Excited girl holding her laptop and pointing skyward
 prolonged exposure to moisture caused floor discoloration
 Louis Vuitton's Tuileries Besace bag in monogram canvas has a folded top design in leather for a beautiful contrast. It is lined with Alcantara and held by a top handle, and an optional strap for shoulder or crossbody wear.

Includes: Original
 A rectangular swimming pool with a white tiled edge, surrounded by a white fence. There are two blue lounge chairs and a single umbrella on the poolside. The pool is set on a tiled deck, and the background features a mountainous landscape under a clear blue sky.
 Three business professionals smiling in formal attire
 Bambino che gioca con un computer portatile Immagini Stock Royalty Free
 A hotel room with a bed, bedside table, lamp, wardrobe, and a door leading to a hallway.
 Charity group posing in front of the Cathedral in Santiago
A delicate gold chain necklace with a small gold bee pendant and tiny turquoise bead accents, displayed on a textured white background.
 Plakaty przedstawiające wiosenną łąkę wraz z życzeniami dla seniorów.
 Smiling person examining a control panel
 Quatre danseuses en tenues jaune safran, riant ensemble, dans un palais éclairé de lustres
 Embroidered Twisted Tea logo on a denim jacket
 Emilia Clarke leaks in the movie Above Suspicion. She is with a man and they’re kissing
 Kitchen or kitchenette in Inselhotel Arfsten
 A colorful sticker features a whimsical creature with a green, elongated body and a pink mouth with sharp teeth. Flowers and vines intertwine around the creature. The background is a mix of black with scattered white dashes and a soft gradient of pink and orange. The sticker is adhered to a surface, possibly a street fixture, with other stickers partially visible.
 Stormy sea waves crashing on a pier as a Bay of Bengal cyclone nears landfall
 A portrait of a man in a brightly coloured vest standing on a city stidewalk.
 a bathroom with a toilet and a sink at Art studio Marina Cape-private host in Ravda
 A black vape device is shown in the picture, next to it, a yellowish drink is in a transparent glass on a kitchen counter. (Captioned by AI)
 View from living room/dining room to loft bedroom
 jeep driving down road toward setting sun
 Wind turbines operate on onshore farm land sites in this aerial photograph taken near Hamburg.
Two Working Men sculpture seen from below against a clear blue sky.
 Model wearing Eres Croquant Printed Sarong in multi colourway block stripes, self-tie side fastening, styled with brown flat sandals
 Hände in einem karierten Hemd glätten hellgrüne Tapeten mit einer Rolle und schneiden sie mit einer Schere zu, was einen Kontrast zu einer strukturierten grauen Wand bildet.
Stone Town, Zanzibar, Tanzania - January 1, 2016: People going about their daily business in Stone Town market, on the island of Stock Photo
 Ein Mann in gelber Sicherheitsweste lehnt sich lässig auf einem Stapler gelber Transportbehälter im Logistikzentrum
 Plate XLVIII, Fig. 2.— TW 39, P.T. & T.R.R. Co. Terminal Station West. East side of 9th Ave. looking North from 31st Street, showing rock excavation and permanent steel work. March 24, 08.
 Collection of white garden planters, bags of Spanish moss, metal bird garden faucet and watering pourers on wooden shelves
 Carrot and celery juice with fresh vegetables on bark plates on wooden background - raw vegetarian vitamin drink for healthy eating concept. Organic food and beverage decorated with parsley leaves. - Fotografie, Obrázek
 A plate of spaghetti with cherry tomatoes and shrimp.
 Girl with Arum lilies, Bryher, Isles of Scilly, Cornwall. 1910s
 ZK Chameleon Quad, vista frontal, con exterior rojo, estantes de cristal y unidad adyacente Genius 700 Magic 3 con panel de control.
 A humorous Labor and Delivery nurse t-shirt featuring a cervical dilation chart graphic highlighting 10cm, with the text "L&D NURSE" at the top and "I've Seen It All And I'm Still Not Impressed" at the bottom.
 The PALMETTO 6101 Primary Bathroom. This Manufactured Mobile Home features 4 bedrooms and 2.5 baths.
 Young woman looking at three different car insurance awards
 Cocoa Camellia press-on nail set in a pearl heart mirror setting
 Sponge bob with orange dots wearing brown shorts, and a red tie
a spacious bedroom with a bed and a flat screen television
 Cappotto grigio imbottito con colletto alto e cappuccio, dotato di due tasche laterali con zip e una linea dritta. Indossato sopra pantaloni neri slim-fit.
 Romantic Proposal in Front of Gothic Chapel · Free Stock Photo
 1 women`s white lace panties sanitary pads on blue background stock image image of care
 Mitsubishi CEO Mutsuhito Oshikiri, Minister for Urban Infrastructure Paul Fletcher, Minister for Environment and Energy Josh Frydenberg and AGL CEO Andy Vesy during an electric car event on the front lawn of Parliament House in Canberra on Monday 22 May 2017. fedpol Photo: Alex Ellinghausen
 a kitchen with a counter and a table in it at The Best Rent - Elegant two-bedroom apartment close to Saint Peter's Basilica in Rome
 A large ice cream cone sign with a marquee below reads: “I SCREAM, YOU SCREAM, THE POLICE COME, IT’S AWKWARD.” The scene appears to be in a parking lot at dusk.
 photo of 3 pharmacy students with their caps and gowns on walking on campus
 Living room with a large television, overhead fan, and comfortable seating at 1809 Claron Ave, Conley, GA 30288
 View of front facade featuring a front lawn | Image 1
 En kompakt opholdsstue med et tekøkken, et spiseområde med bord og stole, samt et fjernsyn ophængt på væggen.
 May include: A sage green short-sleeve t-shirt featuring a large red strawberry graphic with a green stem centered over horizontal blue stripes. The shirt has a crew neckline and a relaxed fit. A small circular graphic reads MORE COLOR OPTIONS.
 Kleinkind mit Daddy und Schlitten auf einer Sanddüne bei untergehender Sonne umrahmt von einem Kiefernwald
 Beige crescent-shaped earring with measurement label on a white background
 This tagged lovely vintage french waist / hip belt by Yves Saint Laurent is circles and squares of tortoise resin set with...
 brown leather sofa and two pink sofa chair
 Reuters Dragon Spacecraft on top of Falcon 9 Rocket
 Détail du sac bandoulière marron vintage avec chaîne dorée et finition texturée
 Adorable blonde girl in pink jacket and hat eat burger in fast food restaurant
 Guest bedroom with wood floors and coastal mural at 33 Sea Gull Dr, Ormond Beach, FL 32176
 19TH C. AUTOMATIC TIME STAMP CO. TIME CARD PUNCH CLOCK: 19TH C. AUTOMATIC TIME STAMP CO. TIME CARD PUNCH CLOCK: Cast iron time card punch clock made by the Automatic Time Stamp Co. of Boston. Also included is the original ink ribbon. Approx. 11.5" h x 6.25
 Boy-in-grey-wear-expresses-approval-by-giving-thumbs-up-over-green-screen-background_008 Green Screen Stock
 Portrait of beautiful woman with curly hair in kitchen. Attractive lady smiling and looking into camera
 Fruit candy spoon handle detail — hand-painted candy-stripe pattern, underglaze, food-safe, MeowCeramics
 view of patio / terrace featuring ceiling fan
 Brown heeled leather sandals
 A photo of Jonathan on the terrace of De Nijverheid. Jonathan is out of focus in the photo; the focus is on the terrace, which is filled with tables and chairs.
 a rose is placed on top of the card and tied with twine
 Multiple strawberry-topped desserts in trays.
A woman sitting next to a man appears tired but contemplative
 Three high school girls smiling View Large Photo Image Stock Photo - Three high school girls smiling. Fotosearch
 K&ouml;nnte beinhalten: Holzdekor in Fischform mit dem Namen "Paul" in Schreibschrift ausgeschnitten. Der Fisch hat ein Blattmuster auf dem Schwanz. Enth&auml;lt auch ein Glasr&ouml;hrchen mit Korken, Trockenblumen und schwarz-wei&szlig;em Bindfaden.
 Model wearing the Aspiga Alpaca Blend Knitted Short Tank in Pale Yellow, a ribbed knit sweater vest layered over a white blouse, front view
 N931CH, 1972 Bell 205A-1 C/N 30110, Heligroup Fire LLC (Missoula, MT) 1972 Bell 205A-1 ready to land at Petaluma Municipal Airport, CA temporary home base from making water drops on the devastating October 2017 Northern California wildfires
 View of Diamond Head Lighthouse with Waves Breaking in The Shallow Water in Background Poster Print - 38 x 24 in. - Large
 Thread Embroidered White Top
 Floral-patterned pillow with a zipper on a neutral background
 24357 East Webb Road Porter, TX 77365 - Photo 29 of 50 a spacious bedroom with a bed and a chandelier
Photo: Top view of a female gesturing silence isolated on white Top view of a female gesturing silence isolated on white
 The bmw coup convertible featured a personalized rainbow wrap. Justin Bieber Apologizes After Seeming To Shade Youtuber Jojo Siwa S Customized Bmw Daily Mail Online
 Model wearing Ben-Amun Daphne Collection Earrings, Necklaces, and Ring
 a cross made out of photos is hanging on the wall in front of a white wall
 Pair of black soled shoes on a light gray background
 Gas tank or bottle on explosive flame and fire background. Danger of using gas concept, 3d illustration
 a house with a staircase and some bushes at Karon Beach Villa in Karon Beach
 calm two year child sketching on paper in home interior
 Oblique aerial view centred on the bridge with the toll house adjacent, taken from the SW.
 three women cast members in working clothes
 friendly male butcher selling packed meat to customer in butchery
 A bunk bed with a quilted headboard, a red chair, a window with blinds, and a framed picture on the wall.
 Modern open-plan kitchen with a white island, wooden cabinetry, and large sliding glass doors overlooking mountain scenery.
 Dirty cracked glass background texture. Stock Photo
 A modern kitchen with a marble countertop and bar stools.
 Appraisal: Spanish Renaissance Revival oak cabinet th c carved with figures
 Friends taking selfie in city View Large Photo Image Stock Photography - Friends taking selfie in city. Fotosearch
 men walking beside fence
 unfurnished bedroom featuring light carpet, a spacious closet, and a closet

Problem ▸
Write out exactly the lines above from the line with "view of patio" through the line with "A photo of Jonathan", both of them included, and leave out all other lines.

Answer box ▸
 view of patio / terrace featuring ceiling fan
 Brown heeled leather sandals
 A photo of Jonathan on the terrace of De Nijverheid. Jonathan is out of focus in the photo; the focus is on the terrace, which is filled with tables and chairs.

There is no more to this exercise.